>>>>>
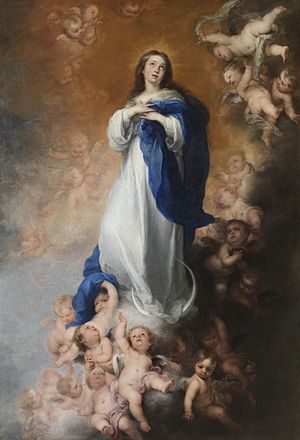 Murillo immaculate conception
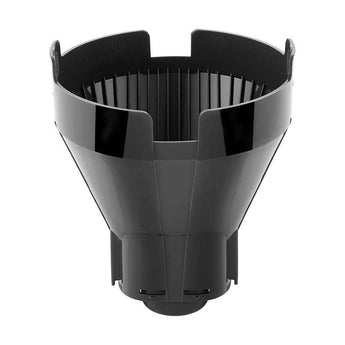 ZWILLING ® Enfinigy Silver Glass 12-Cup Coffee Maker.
<<<<<
>>>>>
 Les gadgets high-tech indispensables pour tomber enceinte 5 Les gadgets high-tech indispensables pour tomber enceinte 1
<<<<<
>>>>>
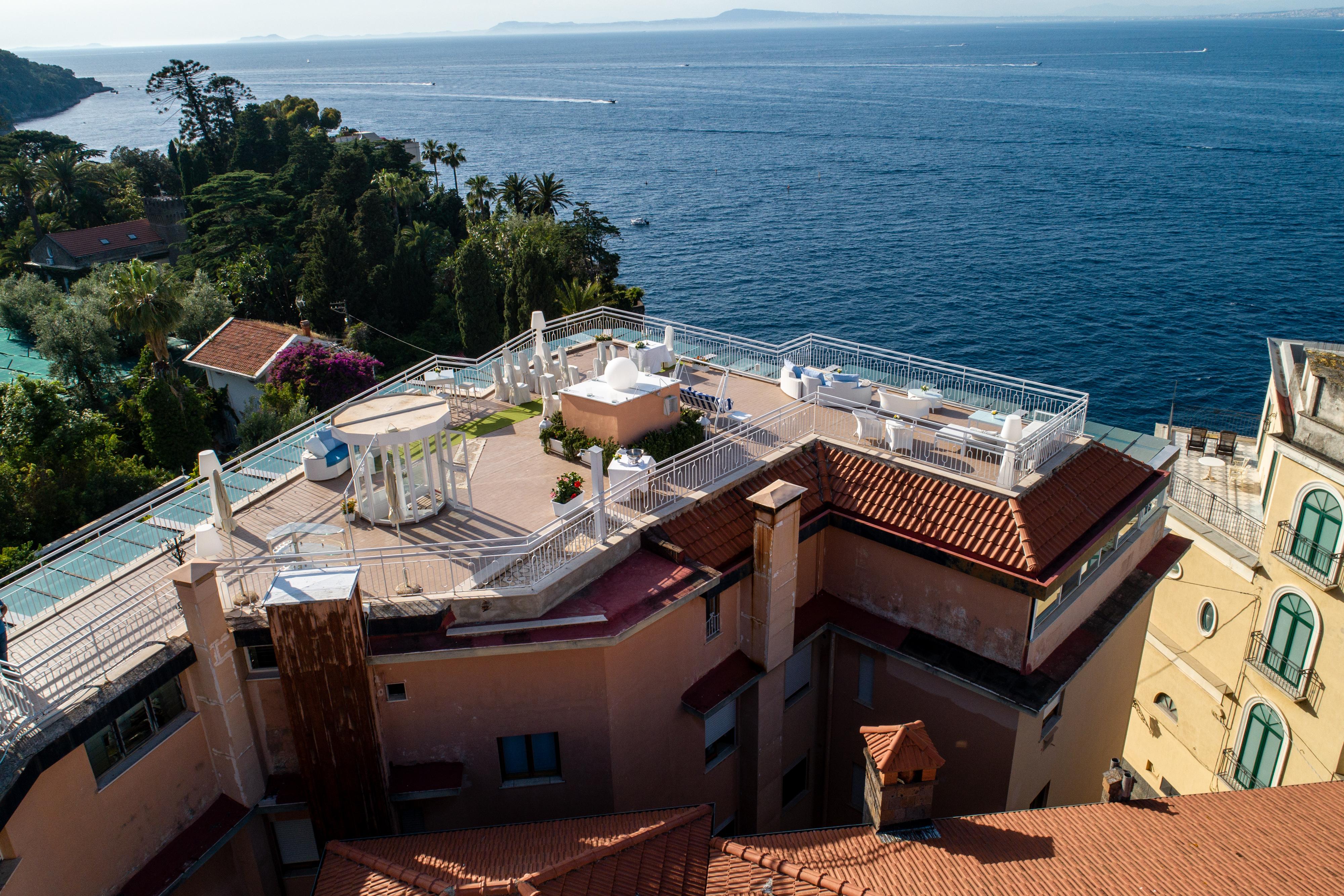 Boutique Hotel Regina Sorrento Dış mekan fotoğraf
<<<<<
» WORK REQUEST
For this exercise, set down the lines in the entries above from the one with "Murillo immaculate conception" through the one with "ZWILLING ® Enfinigy" exactly as written, without any pictures.

» YOUR RESPONSE
 Murillo immaculate conception
 ZWILLING ® Enfinigy Silver Glass 12-Cup Coffee Maker.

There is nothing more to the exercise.